Can we restore the balance to Nature’s most neglected asset, the water cycle? Can we go from our current ‘vicious’ cycle of neglect of our Earth’s natural gifts, to a ‘virtuous’ cycle of their care? To find out I picked up Sandra Postel’s book Replenish: The Virtuous Cycle of Water and Prosperity.
The book starts very promisingly, quoting Mary Oliver’s timeless words that transport us instantly into the mystery of the gift water offers us: “In water that departs forever and forever returns, we experience eternity.”
On a less mystical level, though, Postel lays out how disrupting the Earth’s water cycle is proving to be a costly business indeed.
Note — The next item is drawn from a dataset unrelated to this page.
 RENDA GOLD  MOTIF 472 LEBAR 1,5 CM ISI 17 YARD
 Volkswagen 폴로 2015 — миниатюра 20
Billions of dollars are spent in cleaning up every time a flood happens and in looking after migrants fleeing droughts and dangerous, desertified landscapes across the planet. The probability of a one-in-a-hundred-year flood happening within every ten years will now make bookies very happy indeed. Not to mention the narrowing odds against global food and water security.
Can we fully grasp the magnitude of the threat potential of this currently disbalanced water cycle of the Earth? And if we can understand it, can we step forward and do something about it and avert it?
To find some answers to these questions, Postel takes us across the world, citing various cases to prove that, yes, we can. She introduces us to magnificent large-scale projects such as that on the Loess Plateau in China, which covers an area one and a half times the size of California. The plateau, said to have started becoming brown and barren as early as the 1300s, when tremendous pressures on the land led to heavy tree-cutting, overgrazing and crop cultivation – by the 1900s all that was left there were some of the poorest people in China eking out a harsh, dry, eroded existence – is now perhaps the biggest watershed restoration project in the world. Since the 1980s over a million hectares have been restored by working with Nature; we now know that it is possible to rehabilitate even the most eroded of soils and landscapes.
From such huge-scale replenishment work, Postel takes us to successful, small-scale, community-led projects started by the Stockholm Water Prize-winner Rajendra Singh. Working with Nature and communities, Singh has revived seven dead rivers in arid Rajasthan, India by encouraging his people to build small check dams and plant trees. (See Resurgence & Ecologist Issue 293.)
As a director of the Global Water Policy Project, co-creator of an award-winning water-stewardship organisation and National Geographic Freshwater Fellow, and with countless accolades to her name, Postel has more than enough credentials to write a book of this depth.
With provocative and intriguing chapter titles such as ‘Put Watersheds to Work’, ‘Make Room for Floods’ and ‘Rescue Desert Rivers’, she gives both reasons for and methods of looking after our water cycle locally. Replenish presents us with countless innovative local, national and international solutions. In Postel’s words, “My goal … was to find those innovative farmers, ranchers, cities, communities that are showing we can have a healthier water cycle. We can repair it, we can replenish it, we can rebuild it.” She certainly succeeds in achieving her goal.